04 May 2026

Physicist Charles S. Cockell: "DNA and its entourage". The Genetic Code is non-random.

https://wasdarwinwrong.com/blog/The-Equations-of-Life.png

Evolution is the transformation of species into slightly modified species. The origin of species is solved in principle. However, the origin of life is a fundamentally different problem. Darwin avoided discussing the origin of life. It is the hardest problem of biology and it still has not been solved yet. Whereas the details of evolution can be described as a puzzle, the origin of life must be characterized as an intractable problem.

A crucial step (although not the first step) in the origin of life was the invention of DNA and the Genetic Code. DNA has become a defining property of life. But how DNA acquired its meaning is still a mystery. How could a relatively chemically inert non-enzymatic molecule (DNA) become useful, even indispensable, for life? DNA itself could not have been involved in the origin of life (Think about this...). There must have been something before DNA. 

In the literature the Genetic Code is usually presented as a table in which all 64 combinations of 3 bases A, T, C, G are 'associated' with 20 Amino Acids. These associations could be made in many different ways. Nature got stuck to one system of associations called the Genetic Code table. In the book The Equations of Life: How Physics Shapes Evolution, Chapter 7 'The Code of Life', physicist Charles S. Cockell notices that the Genetic Code table is non-random. This is an important observation. The assignments of base triplets to Amino Acids (AAs) is non-random. When looking at the table It is immediately clear that there is a pattern. Secondly, there is redundancy: many Amino Acids are coded by more than one base triplet. But there is also a pattern. This is all known very well.

However, Cockell also notices that there is something special about nature's choice of the twenty Amino Acids. There are many more natural Amino Acids available than those twenty. So, why those twenty? Random? Accident? Or are they the most suitable for their task? He refers to a publication [1] that argues for a non-random choice. The authors reasoned that there are 3 properties of Amino Acids that are important for constructing a protein: (1) the size of an Amino Acid, (2) the charge, (3) hydrophobicity (repelling water) [3]. Together those properties determine how the protein behaves and what it can do. In principle proteins could be constructed from one or a few Amino Acids. But most useful proteins consist of a diverse mixture of amino acids. Proteins are defined by a unique sequence of AAs to fold into a complex 3D shape. Also, it is not useful to have many AAs with the same hydrophobicity, or the same size or the same charge. The best toolkit for life would have an even distribution of AA properties that does not overlap too much. To test for optimality the authors tested a set of fifty AAs found in the Murchison meteorite. The reason? They assumed that AAs found in the meteorite would represent the set of AAs found on the early Earth. What they found was astonishing, writes Cockell:

"When they compared the twenty amino acids used by life with a million alternative bundles of amino acids randomly chosen from the fifty in the meteorite, the twenty used by life had better coverage and combinations of all three of the key factors than did any other set. ... they seemed to be selected by evolution to give a wide range and even distribution of properties that might be useful in proteins." ... Of a much expanded set of seventy-six AA, not a single group out of a million possible alternatives outperformed the natural set.". (chapter 7). 

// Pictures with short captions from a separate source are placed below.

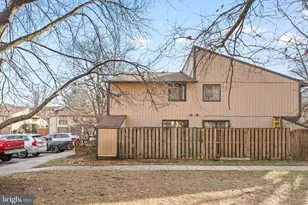 528 Glen Ct, Glen Burnie, MD 21061 - Photo 22
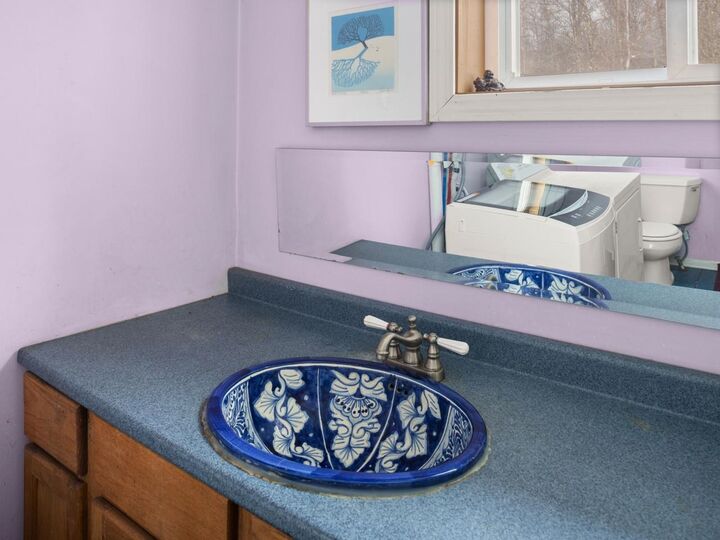 Property Photo:  298 Biddle Road  VT 05443 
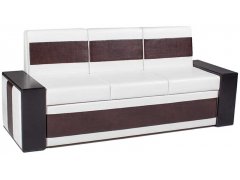 Остин кухонный диван 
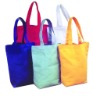 Shopping Bags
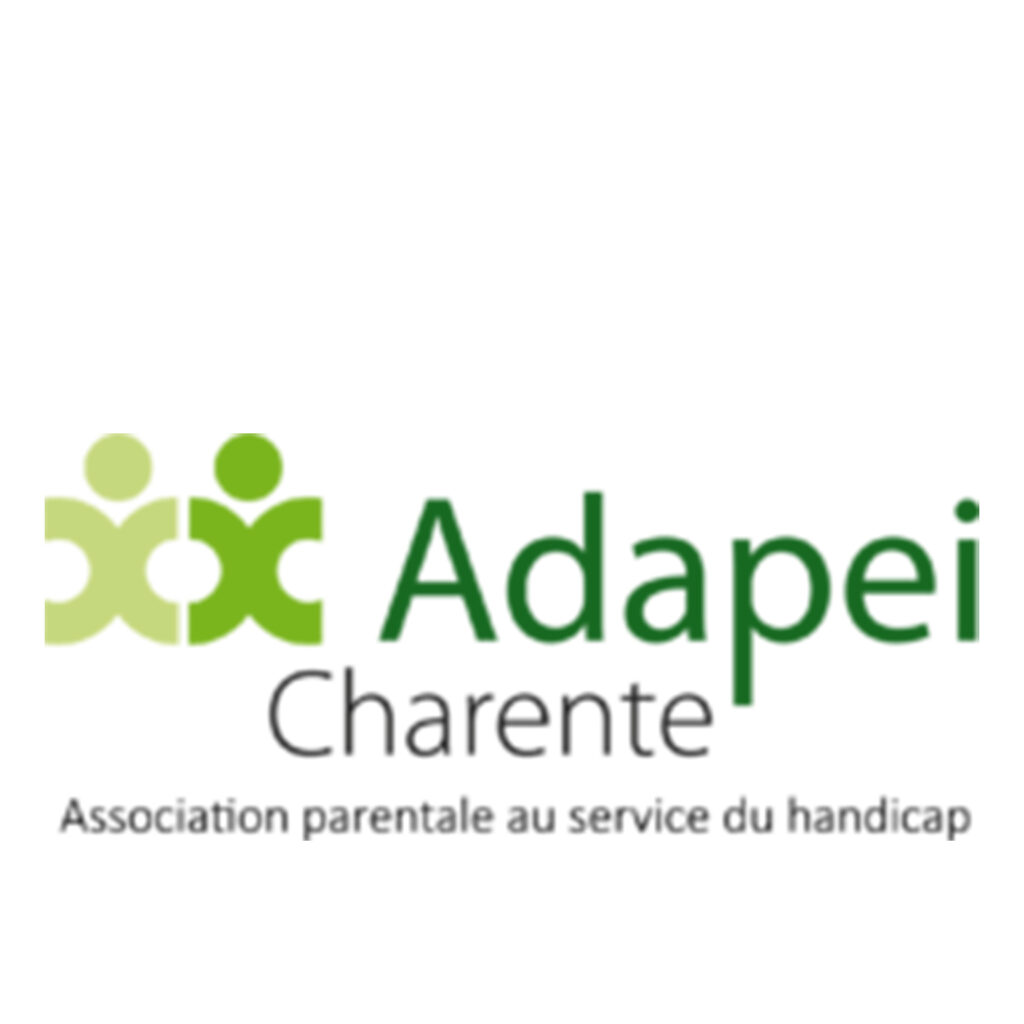 Logo_Adapei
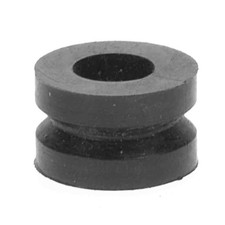 SOSTEGNO MOTORE BIANCHI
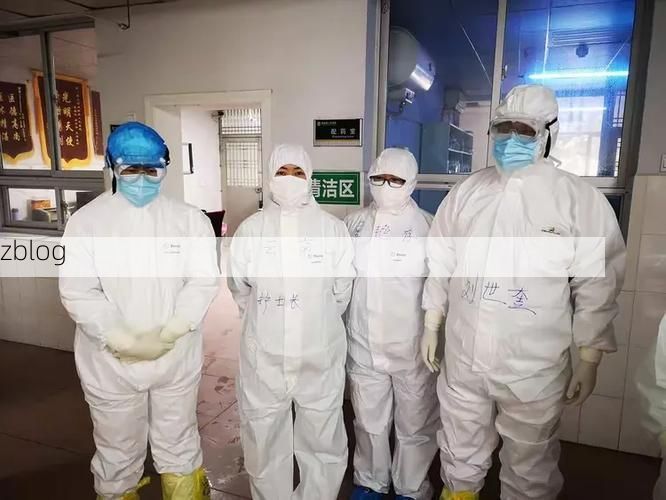 习水河谷屏障与零感染愿景：黔北山城的防疫地理学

Cockell concludes that the twenty AAs used by life are not random. That was new to me. But there is one important aspect Cockell doesn't mention: the AAs must also be suitable to be attached to a transfer RNA (tRNA) and to be processed by the ribosome. This is a crucial property. It is the biochemical implementation of the Genetic Code table. There could be differences in suitability. This must be investigated. Furthermore, all AAs are associated with 1 or more triplet codons (redundancy). The question is: how is the association made between a base triplet codon and the AA? And how did that originate in the first place? The structure of tRNAs does not show a direct chemical bond between codon and AA. Is it a random choice? That could certainly be the case because AAs and triplet codons (bases A, T, C, T) are different chemical compounds, yet they are somehow connected. Or is there a logic in the associations? Is there a pattern? Much research has been done to solve this question. No definitive answer yet. Cockell does mention this. But at least he pointed out a new aspect of the origin of life and the Genetic Code table to me.  

 ______

In this blog I did focus on the origin of the Genetic Code. The origin of the Genetic Code is in fact the origin of DNA-based life: bacteria, animals and plants. It is also the origin of protein and enzyme based life. The origin of DNA and proteins are strongly intertwined. DNA on its own has no use and proteins can not exist without DNA. DNA cannot self-reproduce, it needs enzymes. But proteins cannot self-reproduce either. A specific protein consists of a unique sequence of Amino Acids. Unique proteins do not self-assemble spontaneously. The only way to reproduce such a unique sequence is on the basis of another unique sequence: the unique base sequence in DNA. In other words: DNA and proteins depend on each other. This not a promising situation to start life. Hence, the hypothetical RNA world was developed (which is not without its own problems!). Keep in mind: the origin of the Genetic Code is not the same as the origin of eukaryotes. Bacteria are also DNA- and protein-based life forms. All life on earth uses the same Genetic Code, including viruses.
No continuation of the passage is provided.